1. Field of the Invention
This invention relates to artillery shells and more particularly to an apparatus and method for reducing drag on a gun-launched artillery shell.
2. Description of the Related Art
For reasons concerning firing technology, artillery shells have a rear surface at right angles to the shell axis. It is well known that a rear surface that does not taper, or tapers too quickly, will cause the airflow to separate from the projectile at that location resulting in low pressure behind the shell. The low-pressure region acts like a partial vacuum over the entire aft area of the shell, which increases drag thus limiting the maximum range of the shell. The larger the area that the low pressure acts upon the greater the applied drag force.

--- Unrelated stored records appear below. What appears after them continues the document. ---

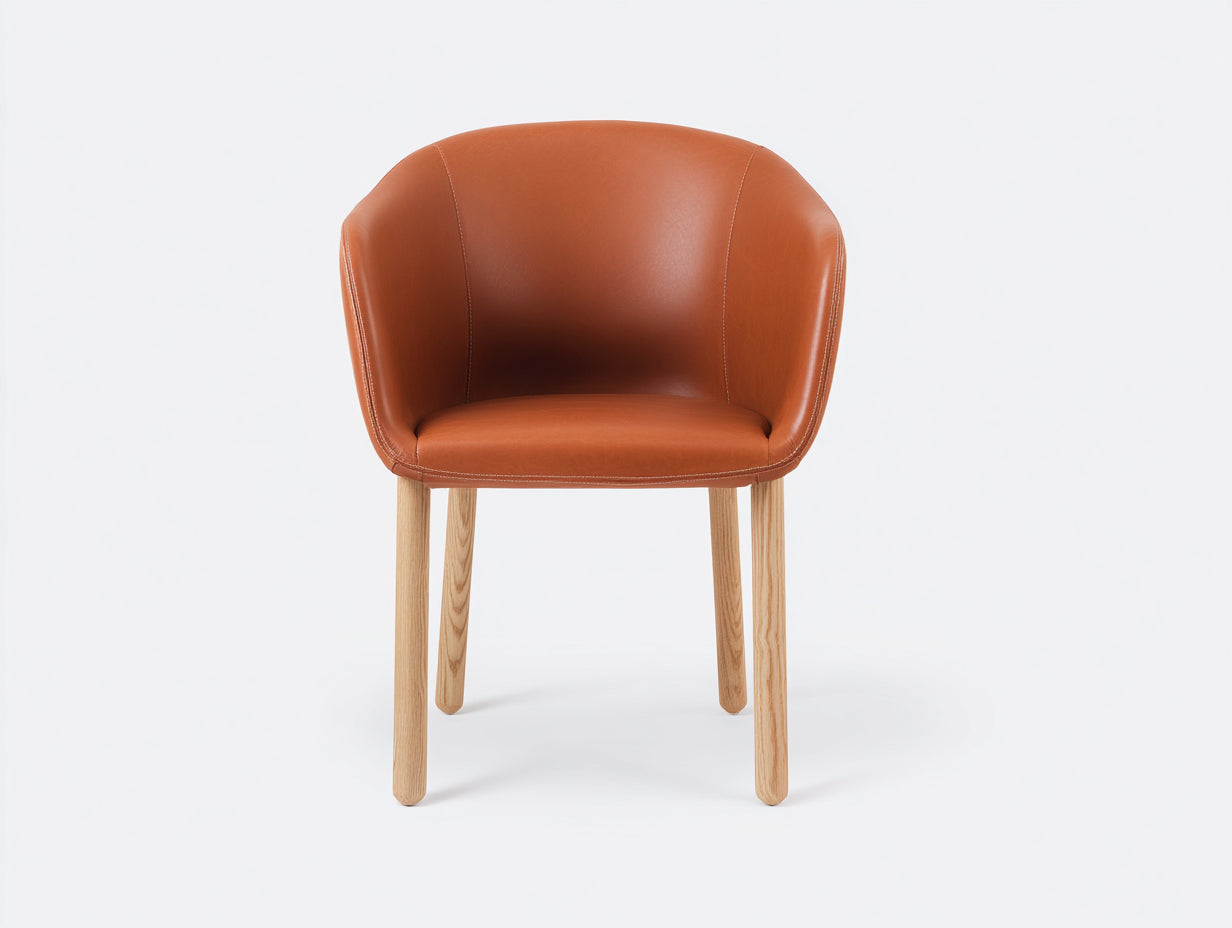 Chaise de salle ¨¤ manger - Similicuir - Bois - 69 x 63 x 80 cm - Cognac - Style contemporain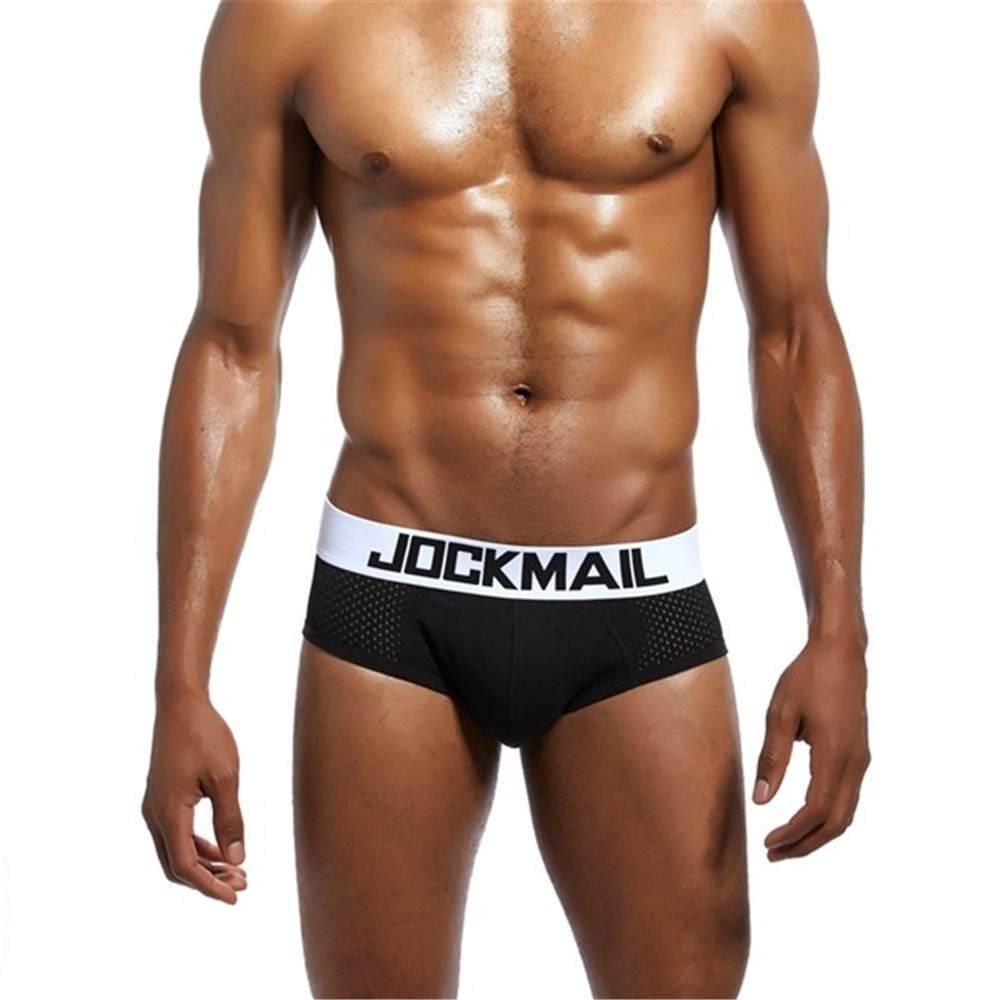 JOCKMAIL Brand Men's Underwear Mesh Briefs Soft Male panties Slip underpants Sexy Gay cueca shorts briefs (XL, Black)
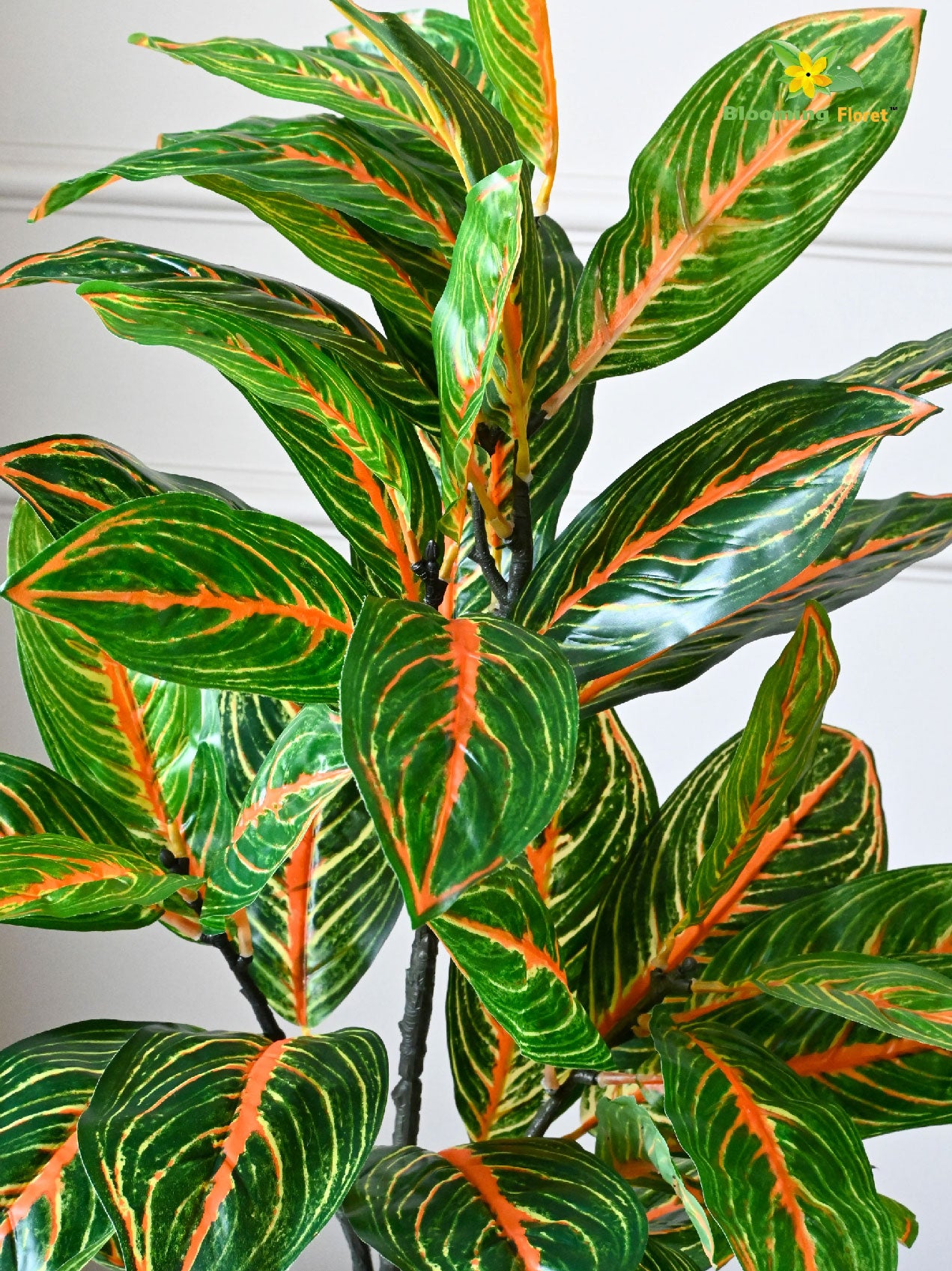 Artificial Aglaonema Plant – 65 cm, 30 Leaves, with Basic Pot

The “base-bleed” technique has been much used in recent years to increase the range of air-defense and artillery shells without having to increase muzzle velocity and thereby increase the size of the propellant charge to a level the gun in question would not withstand. The base-bleed technique allows gas to flow out from the rear surface of the shell preferably at a flow rate that re-pressurizes the area behind the shell reducing the drag proportional to the amount of pressure recovered by filling the low-pressure region with gas from the base-bleed gas source. Although the base-bleed device is similar to a supplementary rocket motor with its propellant loaded interior chamber and its central flow outlet, its function is totally different from that used in shells which are fitted with supplementary rocket motors known as sustainers to increase firing range. Such rocket motors are loaded with pure rocket propellant and they provide the shell with a velocity increment, while the base-bleed device is loaded with a slow burning propellant that is intended only to eliminate drag during the portion of the shell trajectory the propellant is burning.
U.S. Pat. No. 6,657,174 describes an alternative to the base-bleed technique that involves extending the shell at the rear by a protruding conical tail section. The tail section consists of an inflatable part initially fitted in the rear section of the shell in compressed form and secured to the shell body, and can be folded out and inflated to the desired form and hardness by the propellant gases from a small propellant charge which is ignited at the required time. Such an inflatable section part can for example be made of Kevlar and remain in a removable cover connected to the shell up to the time it is deployed. The energy in the air allows the flow to turn the corner at the base of the shell following the side of the protruding conical tail reducing the area that the low pressure acts on. The drag force at the base of the shell is the difference in pressure from the outside, undisturbed air and the partial vacuum created by the separated airflow multiplied by the area that the pressure acts upon. The protruding conical tail effectively reduces the area the low pressure can act on reducing the drag force significantly. This tapered aft section is typically known as a boat-tail coming from the tapered back end of many boats designed to reduce their drag in water.